* DATA SHOWN *
────────────────────────────────────────
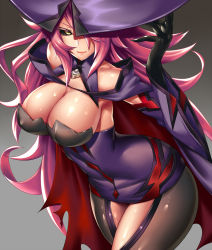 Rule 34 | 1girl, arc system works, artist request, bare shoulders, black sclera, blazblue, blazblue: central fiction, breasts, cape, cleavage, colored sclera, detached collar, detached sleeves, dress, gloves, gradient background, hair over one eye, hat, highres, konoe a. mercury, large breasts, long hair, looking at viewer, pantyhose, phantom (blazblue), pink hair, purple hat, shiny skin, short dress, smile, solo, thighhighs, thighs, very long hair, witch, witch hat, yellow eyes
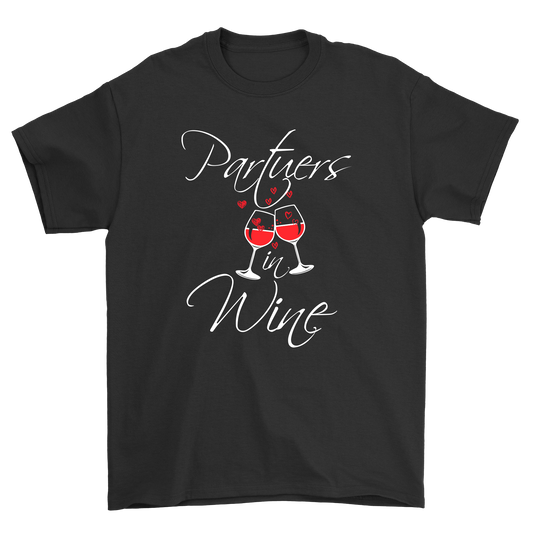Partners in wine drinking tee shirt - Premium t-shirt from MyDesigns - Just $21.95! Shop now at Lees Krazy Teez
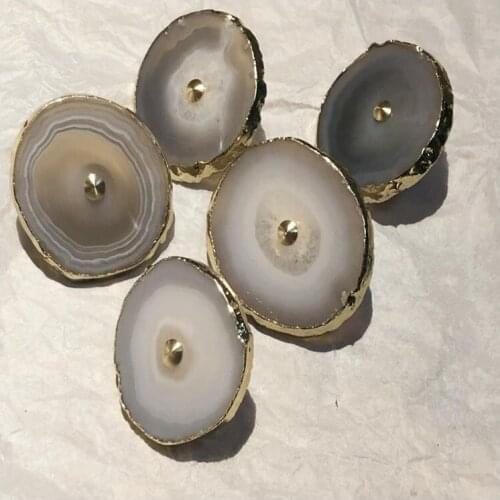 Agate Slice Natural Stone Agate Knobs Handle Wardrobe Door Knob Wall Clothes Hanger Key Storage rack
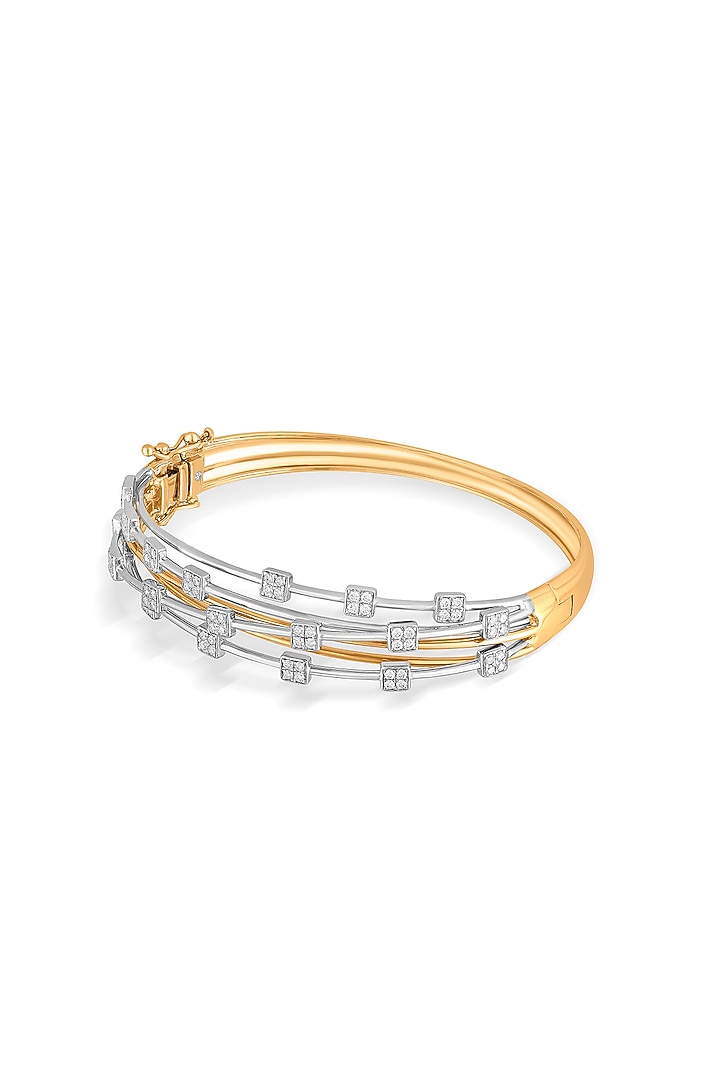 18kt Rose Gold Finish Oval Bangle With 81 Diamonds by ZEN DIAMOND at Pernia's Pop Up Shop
────────────────────────────────────────
* PROBLEM REQUIREMENTS *
What you need to copy is the run of lines from the one holding "Agate Slice Natural" through the end of the data, exactly and only, both ends included, pictures omitted.

* ANSWER FOR THE TASK *
 Agate Slice Natural Stone Agate Knobs Handle Wardrobe Door Knob Wall Clothes Hanger Key Storage rack
 18kt Rose Gold Finish Oval Bangle With 81 Diamonds by ZEN DIAMOND at Pernia's Pop Up Shop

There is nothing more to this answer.